Wisata Berkelanjutan Bantu Pelestarian Gorila

By , Selasa, 14 Mei 2013 | 14:28 WIB
()

Akhir 1970-an, gorila gunung (Gorilla beringei beringei) berada di ujung kepunahan. Populasi mereka saat itu hanya sekitar 400 individu dan menyebar di Rwanda, Uganda, dan Zaire (sekarang disebut Republik Demokratik Kongo).

Namun, meningkatnya minat untuk pelestarian spesies ini mendorong terjadinya kemajuan wisata gorila pada tahun 1980 dan 1990-an.  Hasilnya? Memuaskan.

Studi akhir pada tahun 2012 menyebut terjadinya peningkatan jumlah populasi gorila di angka 880 individu. Habitatnya terbagi menjadi dua yakni di Taman Nasional Bwindi Impenetrable dan Gunung Api Virunga. Lokasi terakhir disebut terdiri dari tiga area konservasi berbeda, merentang dari Rwanda, Uganda, dan Republik Demokratik Kongo.

Dalam laporan Anne-Marie Weeden bersama Journeys Discovering Africa dan diunggah di Mongabay, Senin (13/5), ia termasuk salah satu pelancong yang diperbolehkan mengunjungi satu keluarga gorila yang disebut grup Habinyanja di Taman Nasional Bwindi Impenetrable, Uganda. Wisata macam ini merupakan penyumbang 80 persen dari anggaran pihak berwenang.

Dengan demikian, juga membiayai habitat dan konservasi alam liar di penjuru negara tersebut. "Ini juga membuat gorila sebagai komoditas bernilai yang dihargai oleh komunitas lokal dan pemerintahnya," tulis Marie-Weeden dalam laporannya.

Pendatang yang ingin melihat gorila, bukan hanya mengunjungi habitatnya. Melainkan juga mendatangi taman nasional lain dan beberapa daya tarik wilayah setempat.
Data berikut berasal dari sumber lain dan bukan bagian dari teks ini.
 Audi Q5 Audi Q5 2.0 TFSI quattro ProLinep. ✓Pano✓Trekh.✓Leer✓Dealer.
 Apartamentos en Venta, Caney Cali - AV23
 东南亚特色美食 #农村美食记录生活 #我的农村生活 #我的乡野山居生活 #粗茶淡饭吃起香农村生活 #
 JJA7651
Data dari Rwanda Development Board menyebut, pemasukan negara itu bertambah dua kali lipat dalam lima tahun terakhir. Di mana wisata menyumbang 7,8 persen dari produk domestik bruto (GDP) Rwanda.

Kwitonda gorila (Thinkstockphoto)

"Premis sederhananya adalah tidak ada yang suka membunuh uang. Ini sendiri sudah menjadi pertanda baik bagi kelangsungan hidup mereka (gorila)," tambah Marie-Weeden.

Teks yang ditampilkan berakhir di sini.